When a field contains one of these characters, escape the field using the same character. For example, to escape a string like this: 1 "2" 3, use double quotation to escape, like this: 1 ""2"" 3.
Null If
= string
Specify one or more strings (one string per row of the table) to convert to NULL values. When one of these strings is encountered in the file, it is replaced with a SQL NULL value for that field in the loaded table. Click + to add a string.

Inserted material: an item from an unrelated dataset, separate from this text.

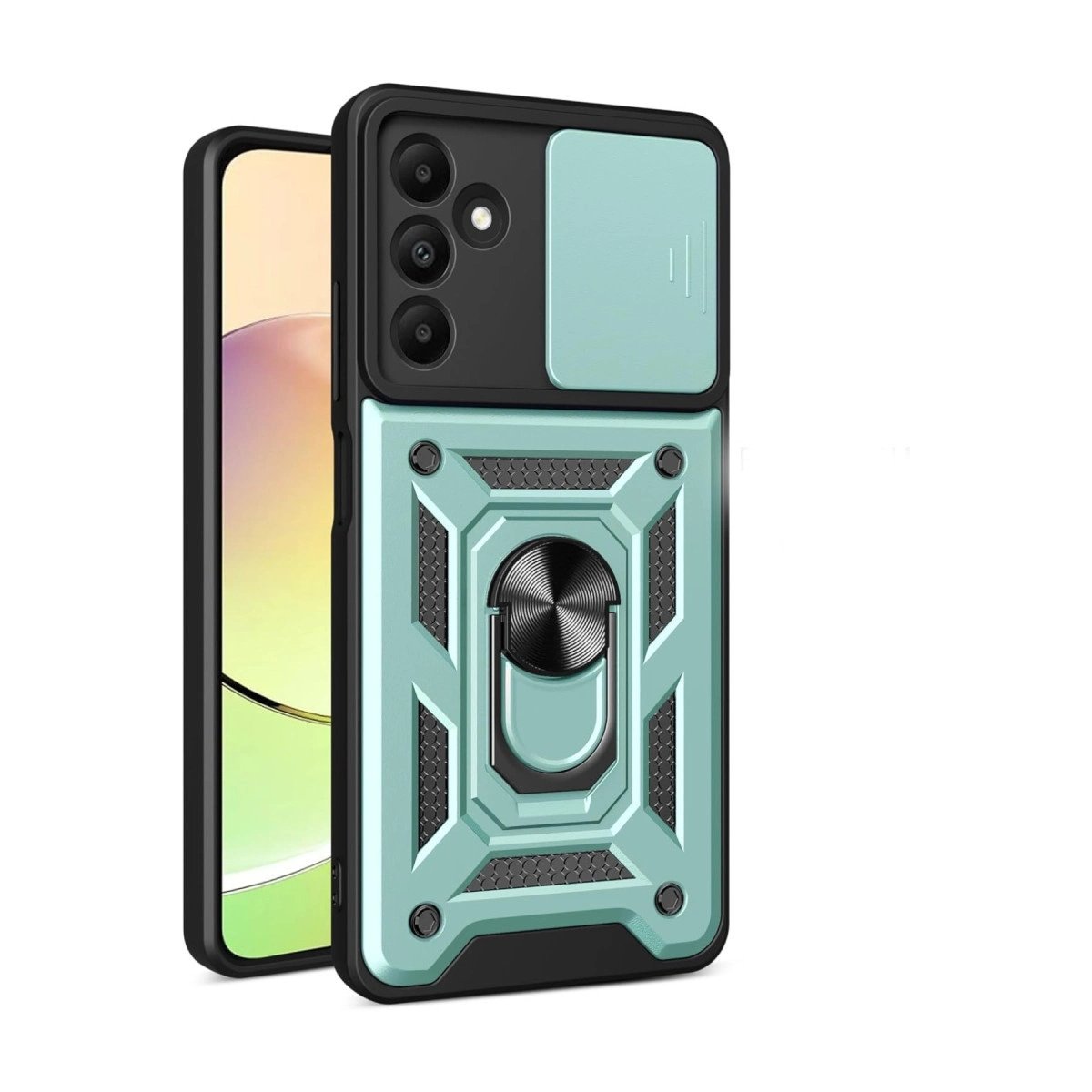Samsung Galaxy M15 Kılıf Pars Lens Yüzüklü Silikon - Yeşil Samsung Galaxy M15 Kılıf Pars Lens Yüzüklü Silikon - Yeşil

Error On Column Count Mismatch
= drop-down
(CSV only) Specify whether to generate an error (True) if the number of delimited columns in an input file does not match the number of columns in the corresponding table. If set to False an error is not generated and the load continues. If the file is successfully loaded in this case:
- Where the input file contains records with more fields than columns in the table, the matching fields are loaded in order of occurrence in the file, and the remaining fields are not loaded.
- Where the input file contains records with fewer fields than columns in the table, the non-matching columns in the table are loaded with NULL values.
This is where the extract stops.